Navy shouldn’t have to justify training | Letter

I picked up the Whidbey News-Times and was struck by the fact that our Navy base commander had to write an opinion piece to explain to the American people that training is vital to national security and the safety of everyone in this area.

Editor,

I picked up the Whidbey News-Times and was struck by the fact that our Navy base commander had to write an opinion piece to explain to the American people that training is vital to national security and the safety of everyone in this area.

But apparently there are vocal groups, both on Whidbey Island and the Olympic Pennisula, who feel they need to utilize their First Amendment rights to stop the Navy from doing the necessary training to keep us safe, i.e., shutting down the OLF and stopping electronic warfare training in the Olympics.

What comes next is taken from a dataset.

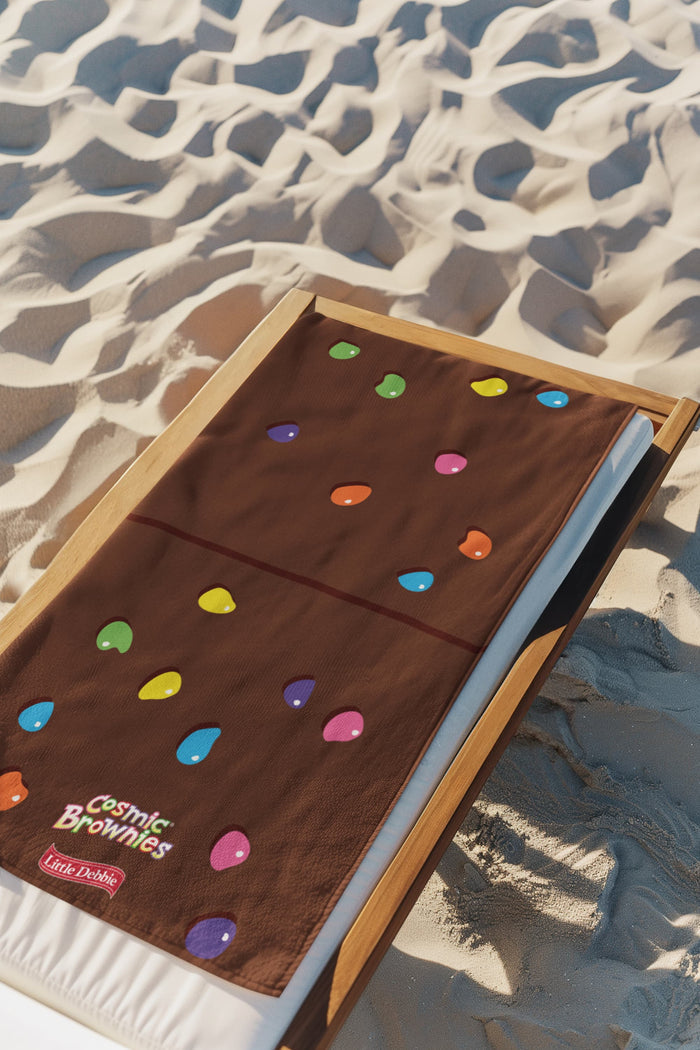A Little Debbie® Cosmic Brownie beach towel laid out flat on a wooden lounge chair over white cushions on a sandy beach. The towel resembles a Cosmic® Brownie with a chocolate-brown color and colorful, candy-like sprinkle shapes in various colors scattered across. The "Cosmic® Brownies" logo and a red Little Debbie® logo are positioned near the bottom of the towel. The sand around the chair is textured with shadows, showing the sunlit beach setting.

However, when does someone’s First Amendment right cross the line into terrorism? I don’t want to evoke McCarthy-era tactics of rooting out communism, but it deserves some discussion. All folks need to do is review the WWII tactics of Germany and Japan preying on weak or unprepared nations to remind us of the need to be ready at all times to meet any threat to our safety as a nation.

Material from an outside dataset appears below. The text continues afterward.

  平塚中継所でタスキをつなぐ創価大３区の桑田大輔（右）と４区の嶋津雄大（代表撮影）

The FBI defines domestic terrorism in section 18 U.S.C. § 2331:

“Domestic terrorism” means activities with the following three characteristics:

• Involve acts dangerous to human life that violate federal or state law;

• Appear intended (i) to intimidate or coerce a civilian population; (ii) to influence the policy of a government by intimidation or coercion; or (iii) to affect the conduct of a government by mass destruction, assassination or kidnapping; and

• Occur primarily within the territorial jurisdiction of the U.S.

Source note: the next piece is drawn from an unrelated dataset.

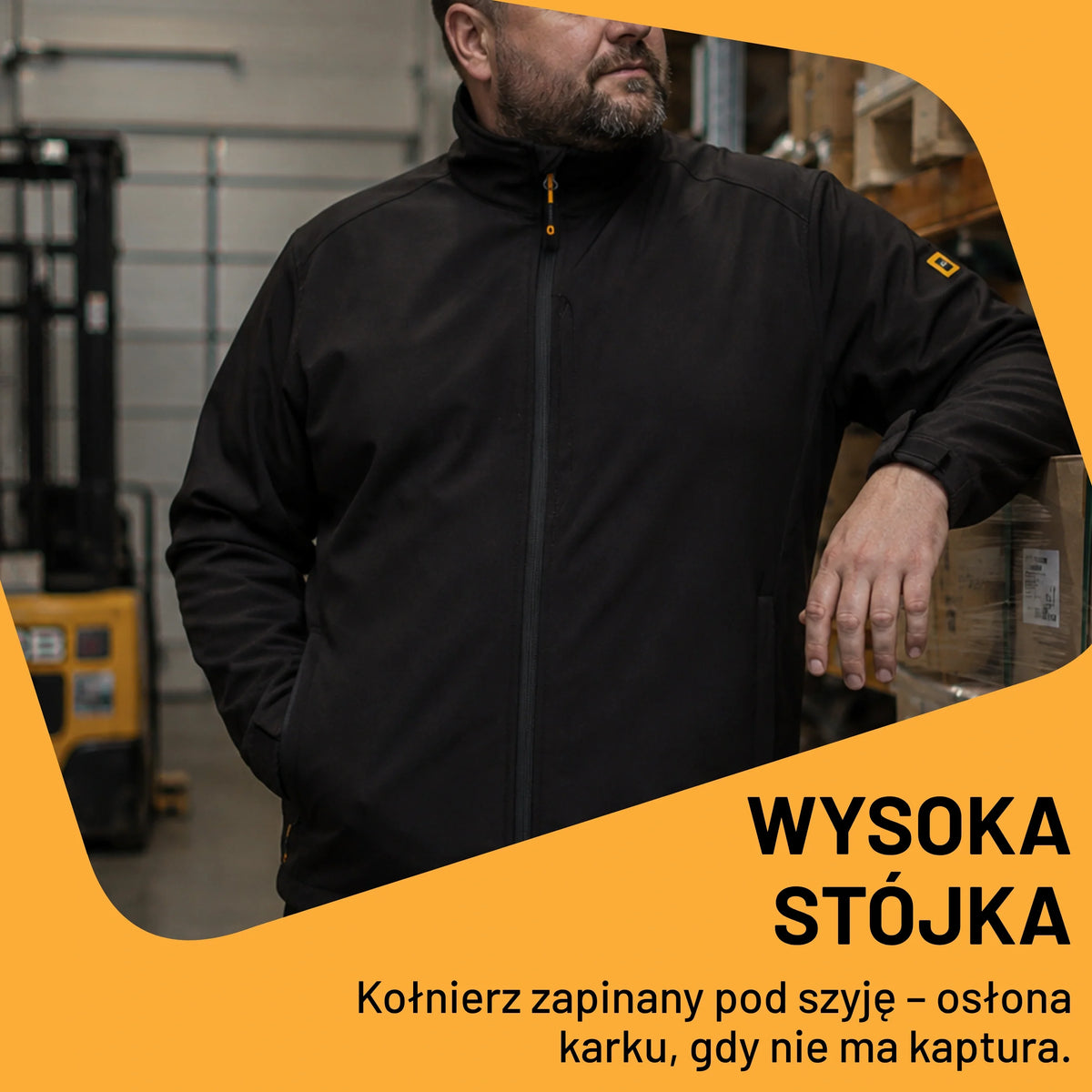 Mężczyzna w czarnej kurtce roboczej softshell JCB w warsztacie, tekst Wysoka stójka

If you pay attention to the second item above, I would say these folks may be attempting to intimidate or coerce a civilian population and influence the policy of a government by intimidation or coercion. When the COER organizes town hall meetings for only their ilk and their politicians and files legal actions that cause the temporary shut down of OLF in 2013, this adversely affects necessary aircraft carrier landing practices, putting our troops and security at risk.

When the folks on the Olympic peninsula say they don’t want the electronic warfare training to occur under the guise of safety to humans and animals, they actually make it less safe for all of us due to the Navy not being able to conduct needed training, which, in turn, makes the people they are defending less safe.

However, as the above statute notes, as long as their actions don’t violate state or federal law, they are technically not terrorists. There is a fine line between exercising one’s rights and aiding and abetting our enemies. I know which side of the line I am on … do you?